Очерки, опубликованные в этой книги, написаны не для «специалиста», а для широкого и просвещенного читателя.[10]
Я без колебаний, однако, обращался к некоторым примерам, известным историкам религии, антропологам и ориенталистам, но возможно не известным читателям, незнакомым с этими областями знания.

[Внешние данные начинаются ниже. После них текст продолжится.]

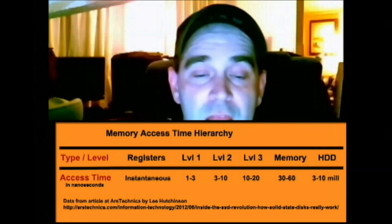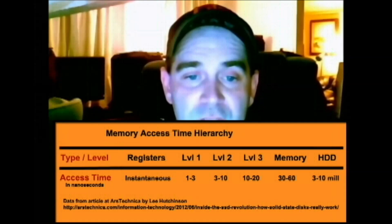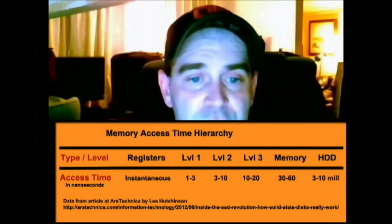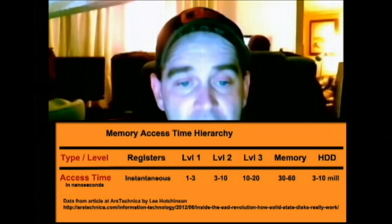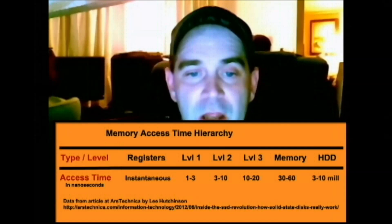Some of you may ask how your typical hard disk drive is a bottleneck. For that, I'm going to refer to an article at Ars Technica by Lee Hutchinson titled 'Solid State Revolution: In-Depth on How SSDs Really Work.' In it, there's a brief table discussing memory hierarchies and access times. Your registers have instantaneous access time. Level one cache on your CPU is one to three nanoseconds. Level two cache is three to ten nanoseconds. Level three cache is ten to twenty nanoseconds. Your main memory sticks are 30 to 60 nanoseconds depending on the chips. And your hard disk drives — all the way from three million to ten million nanoseconds. That's where we're talking about speeding up access time by putting an SSD in your system and making everything faster.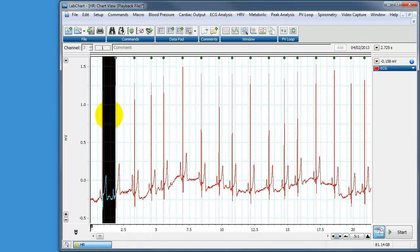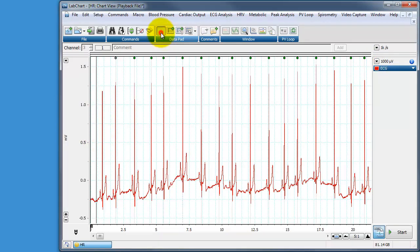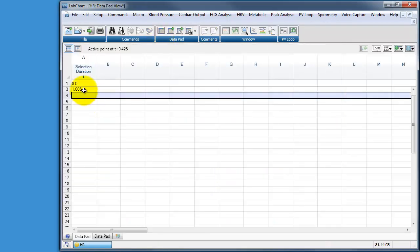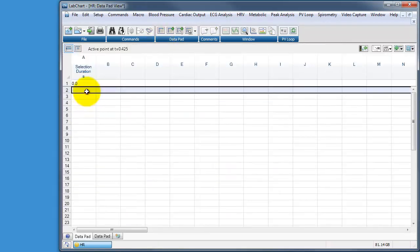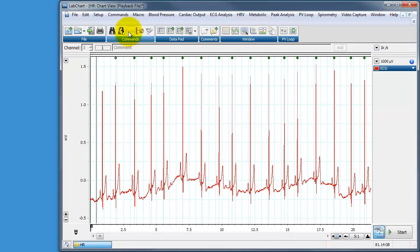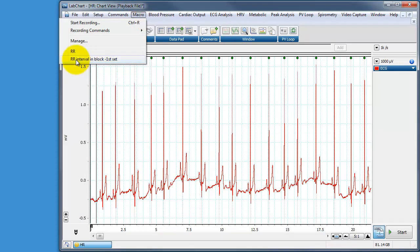So let's just see if this works. So we select the first part of the block, go to data pad and let's just delete that point so we've got a clear data pad. Go to the start of the block, go to macro and run this rr interval in block first set macro.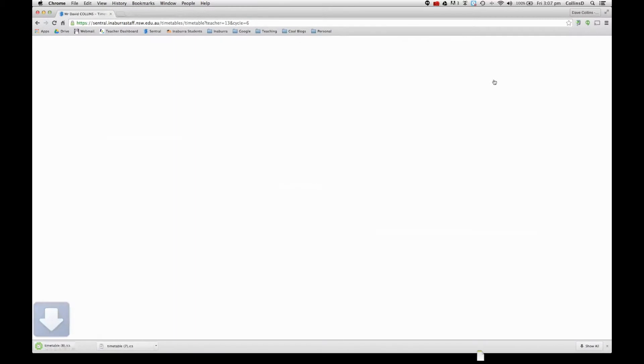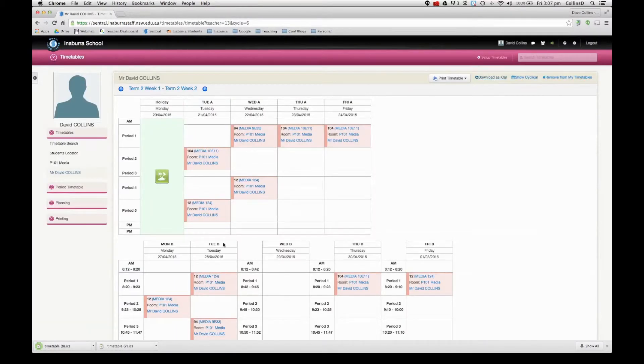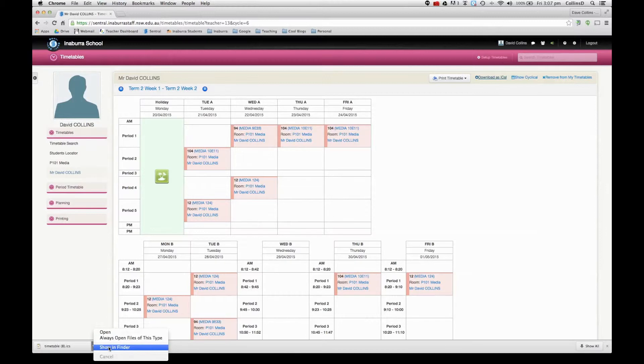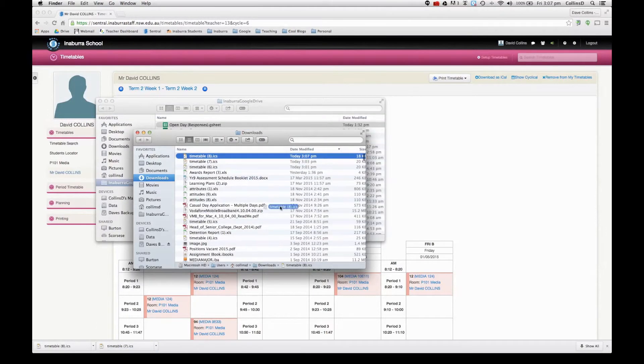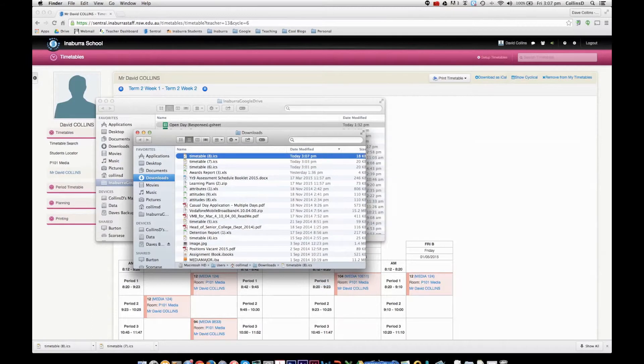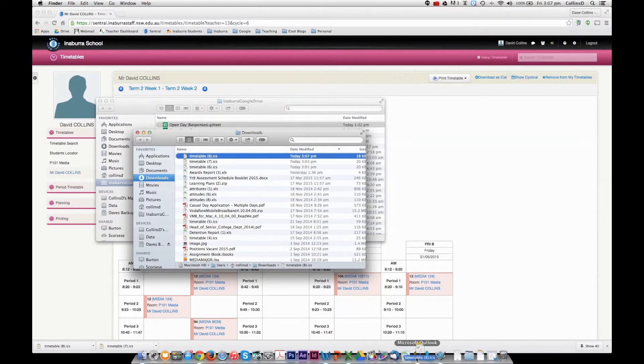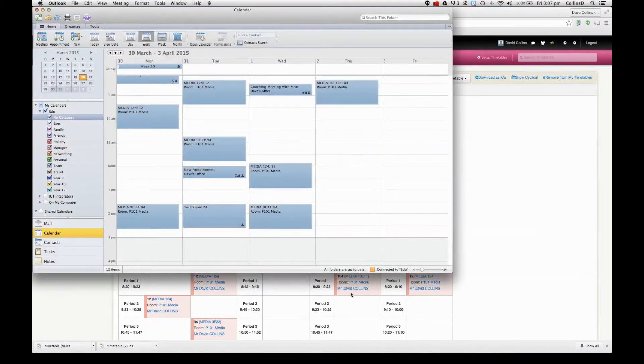Then I have to do is press download as iCal. Now when I come here I can just go show in finder so I can see the file, and then on a Mac I can just simply drag that onto Outlook.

Надеюсь, что встреча современного Запада с менее известными мирами и универсумами породит то, что я назвал бы «новым гуманизмом». Цель этой работы — подчеркнуть культурную роль, которую может сыграть историк религий в десакрализованном обществе, а также способствовать развитию систематической герменевтики сакрального и его исторических проявлений.
Мирче Элиаде
Чикаго. Университет
июль 1968 г.
Эта книга вышла в 1969 году на английском языке под заглавием «Смысл и история в религии» (University of Chicogo Press, 1969). Приношу благодарность моему другу и ученику Анри Перне, сделавшему перевод с английского предисловия и глав I, II, III и отредактировавшего главы IV и V. Мой преданный друг Жан Гуйар имел любезность просмотреть остальные главы, выражаю ему мою искреннюю благодарность.
М. Элиаде, июнь, 1969.
Глава I
Новый гуманизм
С каждым днем все сложнее, несмотря на большое количество учебников, периодических изданий и обширную библиографию,1 оставаться в курсе всего, что появляется нового в различных областях истории религий. И следовательно, быть историком религий становится все сложнее. Историк к своему великому сожалению вынужден наблюдать свое превращение в специалиста какой-то конкретной религии, конкретного периода или определенного аспекта этой религии.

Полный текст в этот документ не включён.